We seem to live in a culture obsessed by age, and the Social Security disability rules seem to reflect that. Etiquette and good manners tell us that it is rude to ask a woman how old they are. But unfortunately I have to be rude every day when I talk to folks in my law practice by asking them how old they are because age matters in a social security disability claim.
More specifically, being over the age of 50 matters to the Social Security Administration in considering whether you could perform work other than the work you used to do. It is true that it is harder to get social security disability benefits for the younger, and that claimants over the age of 50 years of age generally have an easier time getting social security disability. This is because SSA recognizes that as we age it gets harder to learn to do something new – it is indeed hard to teach an old dog new tricks!
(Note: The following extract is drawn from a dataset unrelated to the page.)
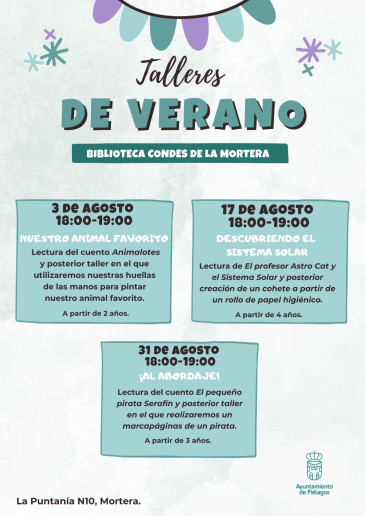 La Biblioteca municipal de Mortera ...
On the other hand, if the claimant is -under 50 years old social security in general will not find age to have a serious effect on the applicant’s ability to perform a different type of work.
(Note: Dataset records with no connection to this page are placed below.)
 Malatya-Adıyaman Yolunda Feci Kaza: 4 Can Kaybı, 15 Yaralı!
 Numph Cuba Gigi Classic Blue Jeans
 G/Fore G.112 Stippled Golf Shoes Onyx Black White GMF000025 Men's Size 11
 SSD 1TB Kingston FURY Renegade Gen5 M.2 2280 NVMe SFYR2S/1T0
Contrasting Social Security claimants
Lets contrast 2 claimant with the same work background and the same restrictions, one 50 years of age and one 35 years of age:
|50||Unskilled, performed at "light" exertional level.||unable to stand and walk for most of the workday and no lifting over 15 pounds||APPROVED|
|35||Unskilled, performed at "light" exertional level.||unable to stand and walk for most of the workday and no lifting over 15 pounds||DENIED|
Notice there is only one difference between these 2 claimants: age.